TALKING WITH TULL GLAZENER
TALKING WITH TULL GLAZENER
Joellen: When did you begin playing music and when did the dulcimer come into your life?
Tull: I took obligatory piano lessons but got to play different musical instruments in the high school band and orchestra. I started out as a flute player. My first choice was really French horn but I had braces, so I couldn’t play anything with a cup mouthpiece. By junior high the braces came off and the band needed a tuba player so I switched. Lugging around a 40 lb. sousaphone, I thought it would have been a nice idea to stay with the piccolo. I played trombone, baritone and tuba. I still play with a brass ensemble at my church.
I had never heard or seen a mountain dulcimer. After college, I moved from Buffalo, NY to Indianapolis, IN for a job. A friend gave me a mountain dulcimer as a present. I was convinced it was just a toy because half the strings and half the notes were missing. I said “thank you” and put it in the closet.
Unbeknownst to me, there was, and still is, a fairly active dulcimer club in Indianapolis. They put on a festival at a local park and I happened to ride my bike in the park that weekend. I went over to see what was going on. The guest artist they had that year happened to be David Schnaufer.
JL: Wow! What an introduction to the mountain dulcimer! David Schnaufer was one of the premier innovative mountain dulcimer players at the time. He was widely celebrated and acclaimed up until his untimely early death.
TG: So the first person I heard play mountain dulcimer was David Schnaufer. He did everything from classical music to rock’n roll to traditional music. My jaw just dropped and I said: “Okay it’s not a toy. You can make music on that thing.”
So I dug the instrument out of my closet, and took a beginner class. I haven’t put it down since. That was something like 1983-84. I picked up one of his recordings. It was on a cassette tape. I tried to figure out how he did the stuff he was doing. David was an instructor at a number of dulcimer festivals. If one was within a couple hundred miles driving distance, I’d get there. I didn’t have the courage to talk to him at the first couple of times. I was trying to figure out how he did a totally chromatic run at the end of a tune called Steel Guitar Rag. He was playing every note in the chromatic scale just perfectly. I thought he must be bending strings but it sounded too perfect.

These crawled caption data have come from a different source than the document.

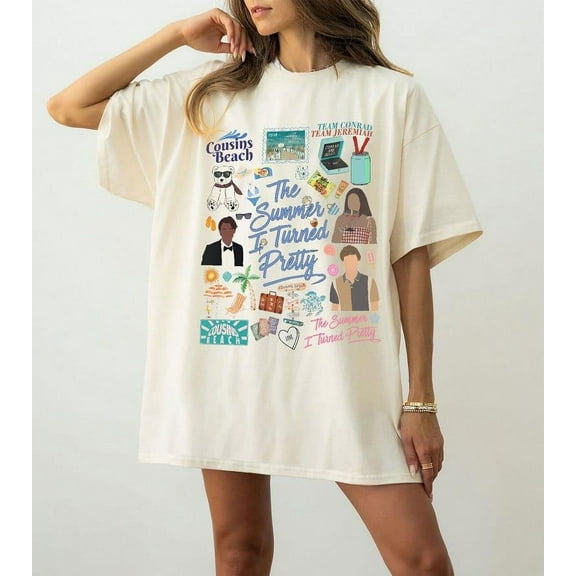 The Summer I Turned Pretty T-Shirt, Team Conrad Forever, Summer Romance , Conrad Fisher Tee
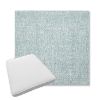 Picture of Chartres Opal | Boxed Trapezoid Outdoor Dining Chair Seat Cushions - Sunbrella© Fabric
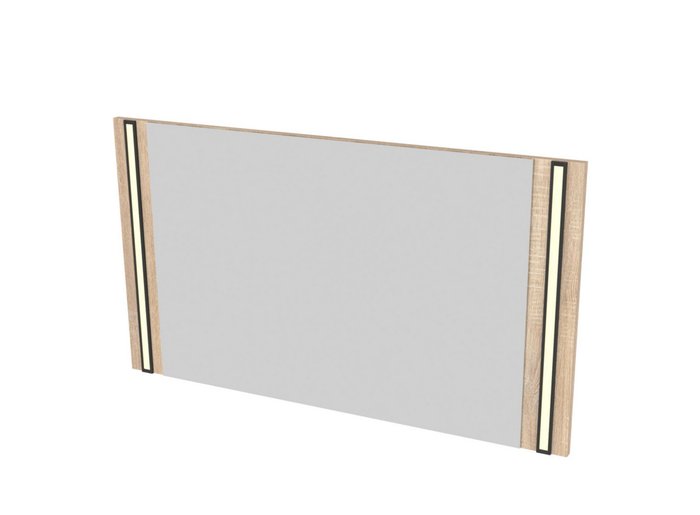 Зеркало настенное Отражение З90.1 цвета Дуб Сонома Светлый Зеркало настенное Отражение З90.1 цвета Дуб Сонома Светлый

I signed up for a couple of his classes at a festival in Lima, Ohio. His workshops were always full to overflowing. David was one of the best teachers I’ve ever seen. In a 90-minute class, for every person in that room, he would come up with one little thing that you needed at that point in your musical journey.
After class I screwed up my courage and said: “I’ve been trying to figure out how you do the ending of Steel Guitar Rag. He just looked at me and smiled, and in that slow Texas drawl: “I have a chromatic dulcimer.” I was about ready to wring his skinny little neck. But then he said: “You can come close if you get yourself a capo”. (I had never heard of a capo for a dulcimer.) “Get yourself a capo and put it at the 4th fret and with the 6 and the 6+ fret, you’ve got a couple of those chromatic notes that you’ll need. Look me up after the concert and I’ll show ya.” He didn’t know me from Adam. But after his concert he spent at least an hour showing me how to do that.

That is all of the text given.